# Task goal
Could you transcribe every record below exactly, leaving out any pictures?

# Records for processing
···
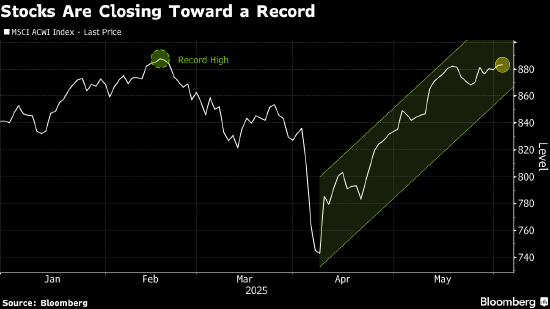 全球股市逼近纪录高点 分析师料有望进一步上扬 第1张 全球股市逼近纪录高点 分析师料有望进一步上扬 第1张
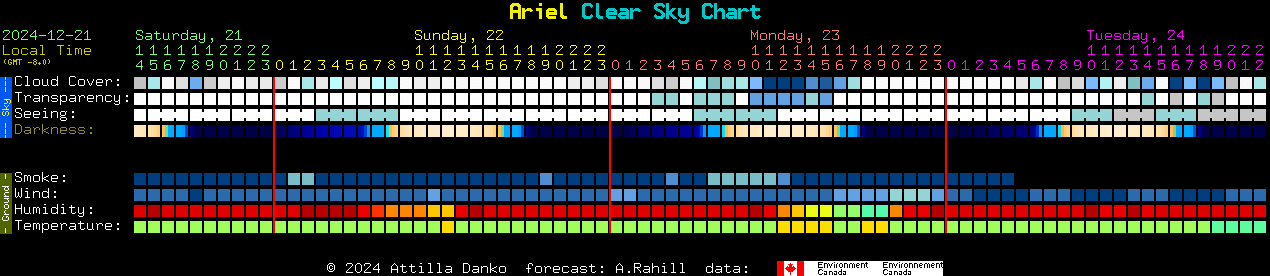 Current forecast for Ariel Clear Sky Chart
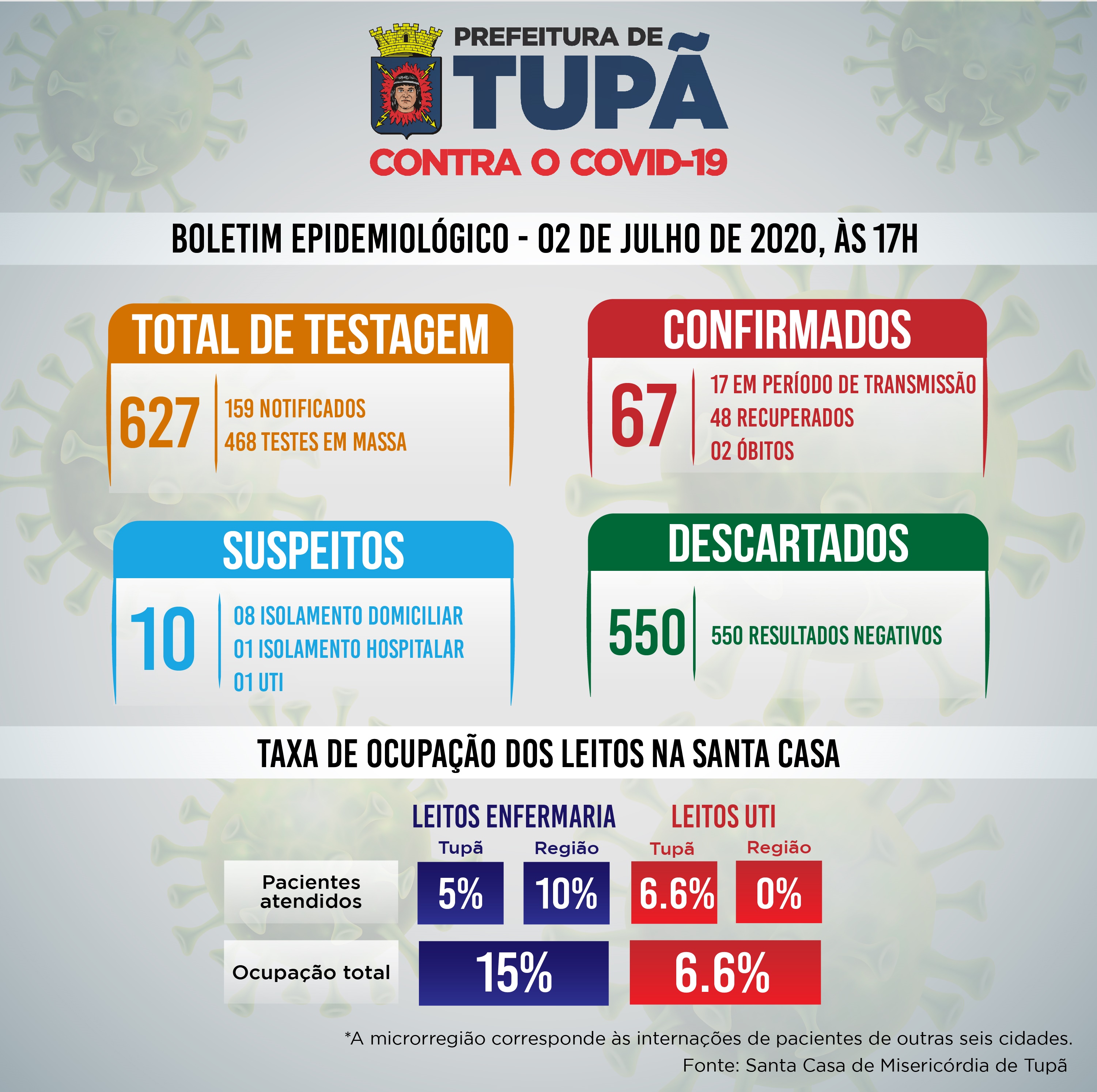 Tupã tem mais 3 casos negativos, 1 positivo e 4 suspeitos de coronavírus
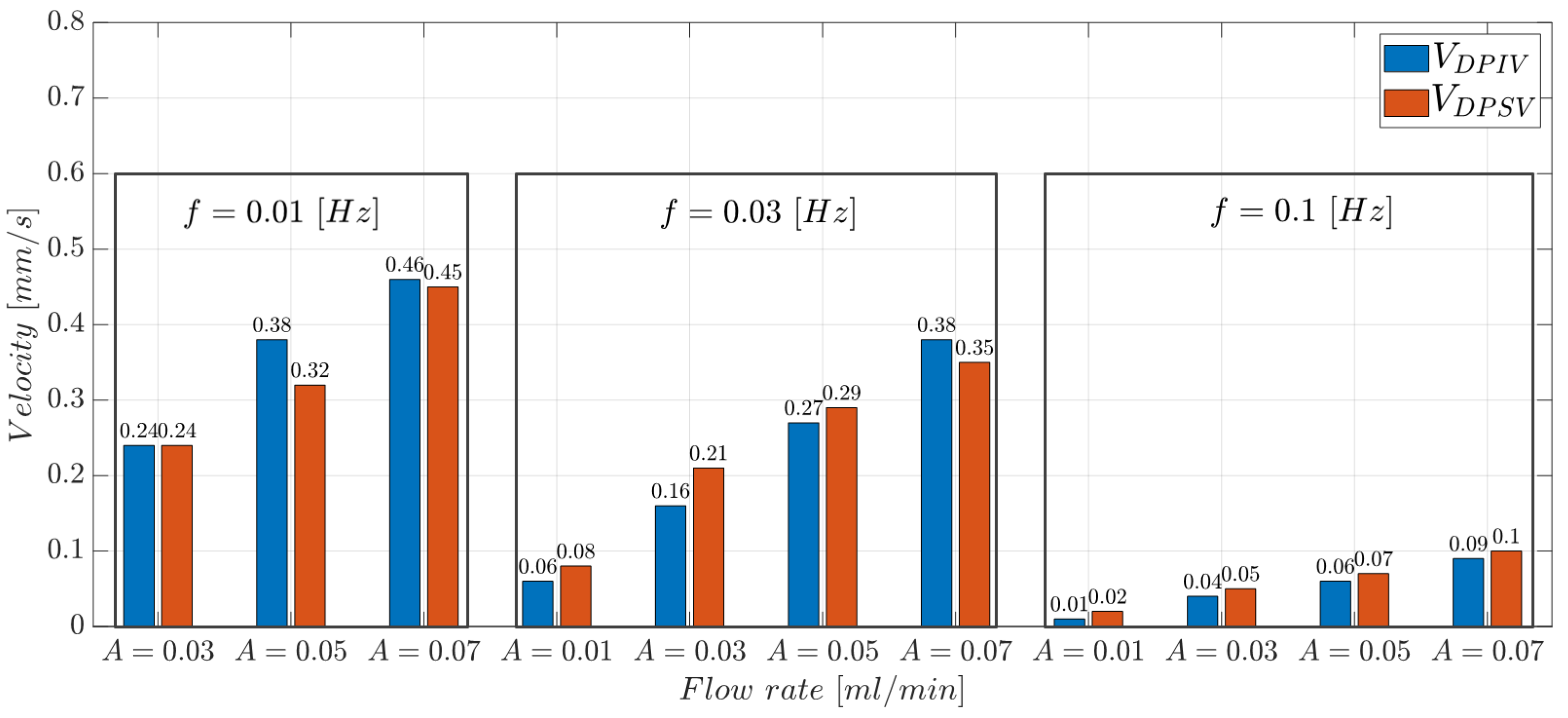 Micromachines 14 02115 g017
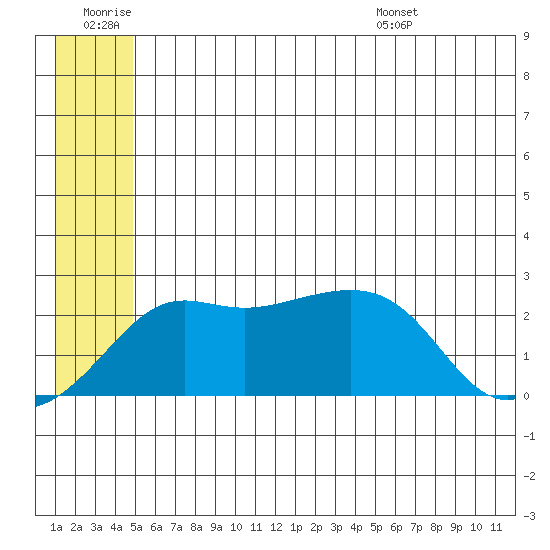 Apoon Mouth tide chart for Saturday, June 29, 2024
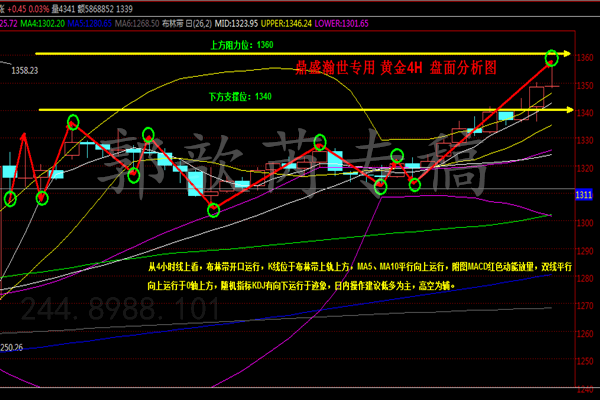 波段点金赚钱为王_波段操作赚钱吗_波段为王指标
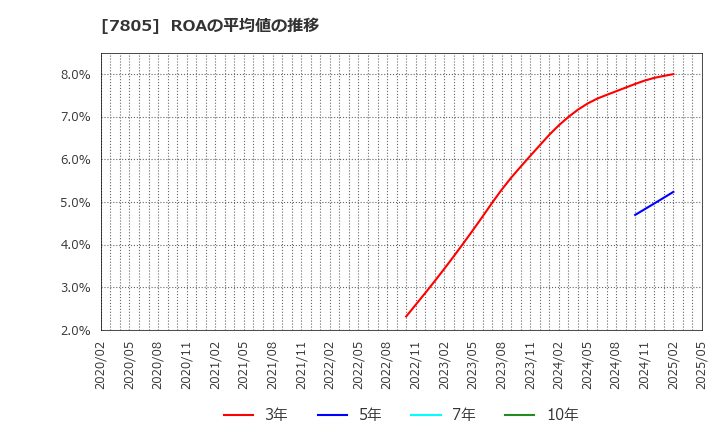 7805 プリントネット(株): ROAの平均値の推移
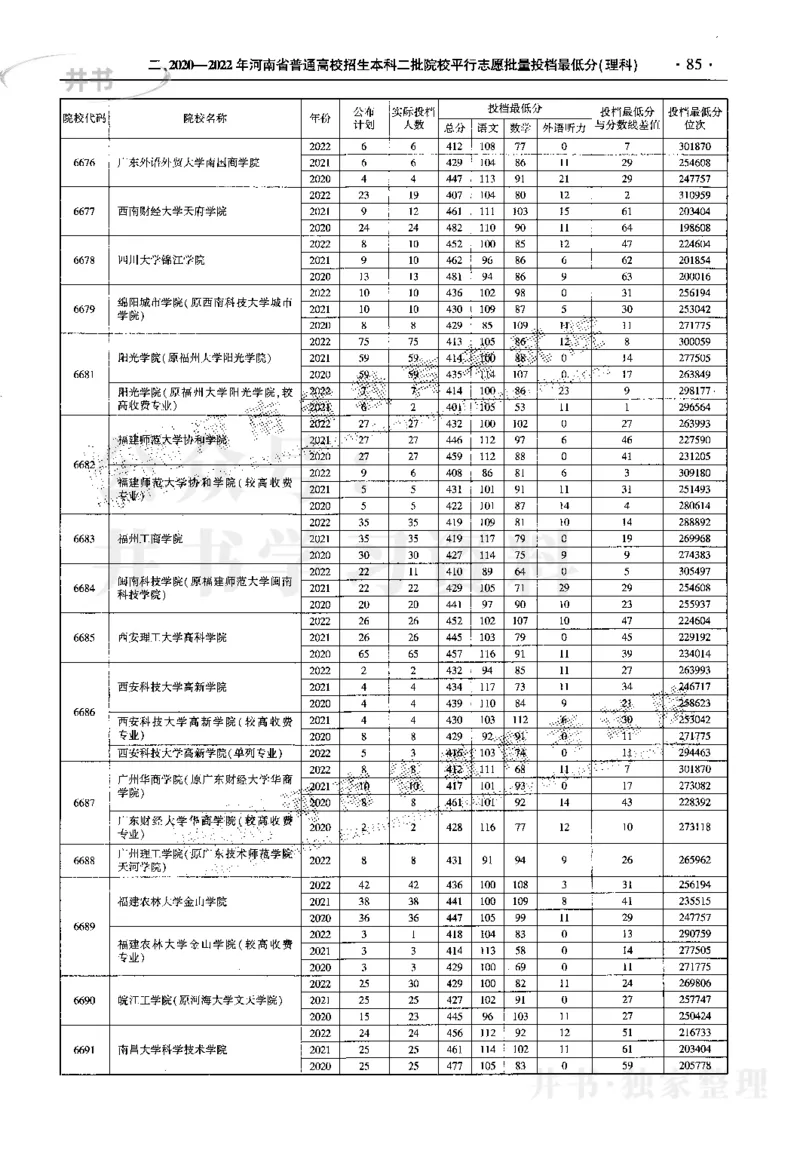 最新2023版2020-2022年理科报考及录取统计_1.高考2025全国各省真题+答案_必看高考志愿填报价值2999_高考志愿填报_13-河南_河南17-23年_河南招生之友全套_往年版本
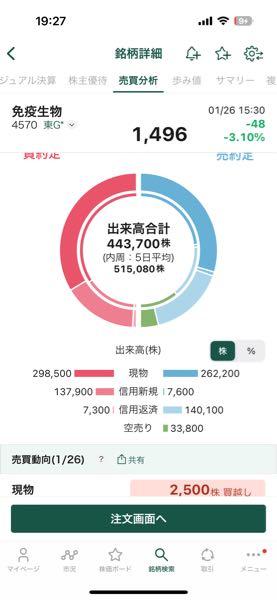 (株)免疫生物研究所【4570】 まあまあ落ち着けよ😙 空売りもそんなに入ってないしよ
···
# Final answer
 全球股市逼近纪录高点 分析师料有望进一步上扬 第1张 全球股市逼近纪录高点 分析师料有望进一步上扬 第1张
 Current forecast for Ariel Clear Sky Chart
 Tupã tem mais 3 casos negativos, 1 positivo e 4 suspeitos de coronavírus
 Micromachines 14 02115 g017
 Apoon Mouth tide chart for Saturday, June 29, 2024
 波段点金赚钱为王_波段操作赚钱吗_波段为王指标
 7805 プリントネット(株): ROAの平均値の推移
 最新2023版2020-2022年理科报考及录取统计_1.高考2025全国各省真题+答案_必看高考志愿填报价值2999_高考志愿填报_13-河南_河南17-23年_河南招生之友全套_往年版本
 (株)免疫生物研究所【4570】 まあまあ落ち着けよ😙 空売りもそんなに入ってないしよ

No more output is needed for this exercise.